SECU is a maverick. It offers the same rates for deposits and consumer loans for all customers, regardless of their net worth or financial status. Michael Jordan would get the same savings account interest and pay the same mortgage rate as the person sweeping the Spectrum Center floor. Other financial services company use credit scoring to offer better rates to wealthier customers.
Self-Help Credit Union co-founder Martin Eakes, a progressive-leaning expert on banking, calls SECU “the single best credit union in America, serving working-class people in every county in North Carolina.”
But a couple of years ago, SECU’s board of influential state-government executives concluded privately that some change was needed. They want SECU to rethink how to balance its historic focus on core state employees with desires of more affluent members, many of whom also trade with other financial institutions. The board also favored making business loans and adding better technology.
In 2021, the board hired a veteran credit-union industry executive and regulator to usher in changes. New CEO Jim Hayes rolled out plans for new deposit and loan pricing strategies, business lending and improved technology. The pending changes have received little publicity.

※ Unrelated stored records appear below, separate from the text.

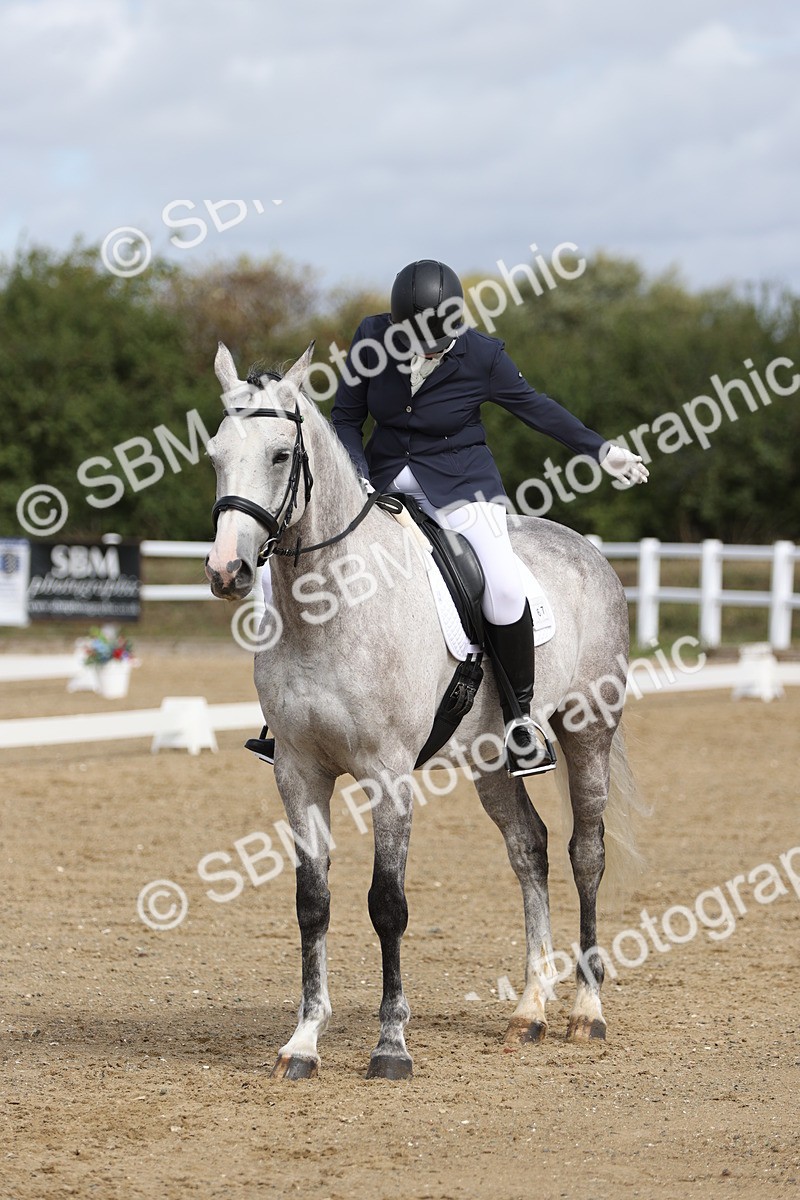 SBM_001535 - Class 2 - Intro 4 Champs - 10.56-11.44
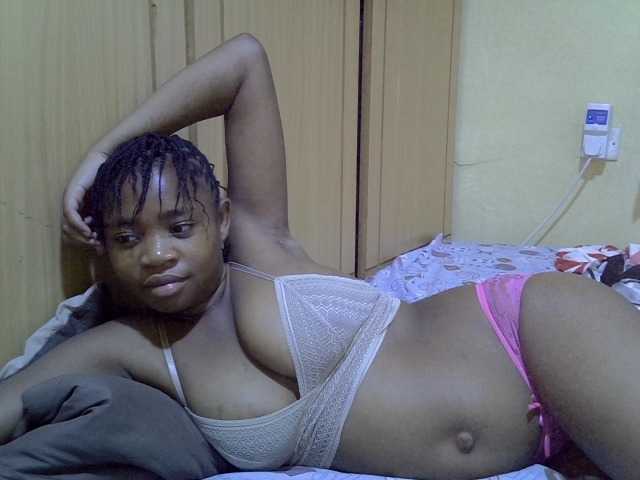 pretty-bianca live cam on BongaCams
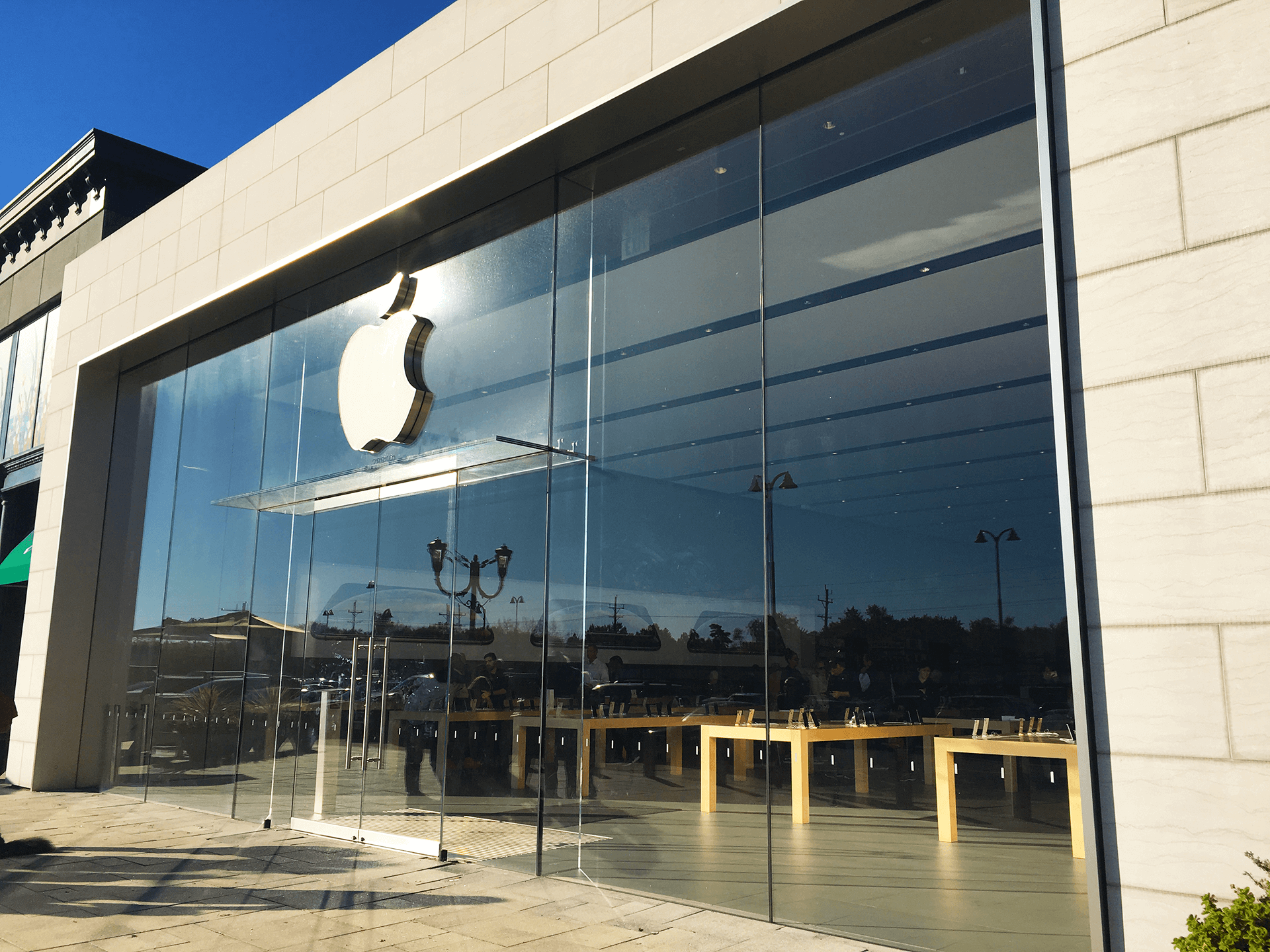 Eton Chagrin Boulevard Apple Store at Eton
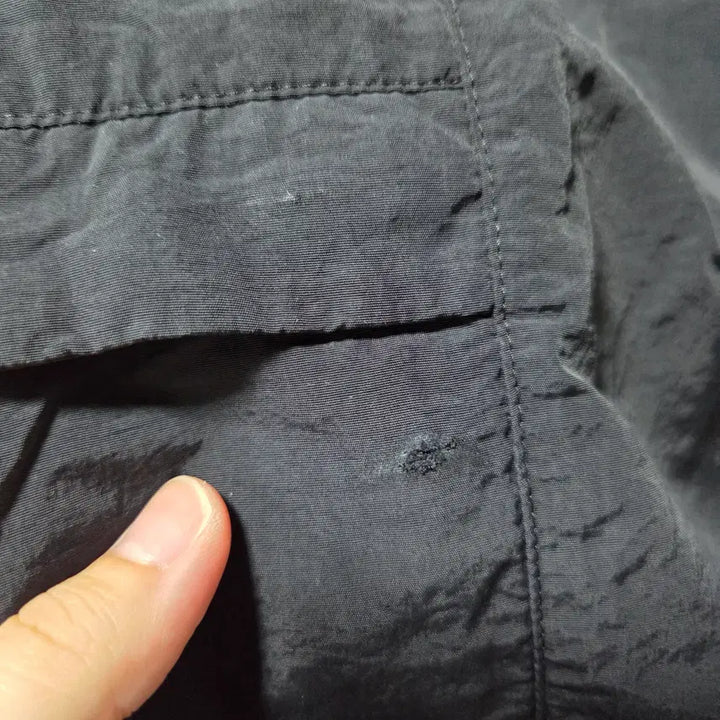 [BUNJANG] Discovery Black Woven Training Pants / 디스커버리 블랙 우븐 트레이닝 팬츠 32 26042413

The BNC story describes why two former SECU CEOs, who dominated the organization’s strategies over the last four decades, are vehemently opposed to the board-mandated changes. They say the moves will negatively affect a majority of existing customers and SECU's culture.
Former CEO Mike Lord, who preceded Hayes, says SECU can grow effectively by lowering its loan rates and raising its deposit payouts for all customers, rather than creating tiers.
A veteran industry consultant sums it up this way: Will SECU remain distinctive or follow the track of many other credit unions, which increasing look like stockholder-owned banks?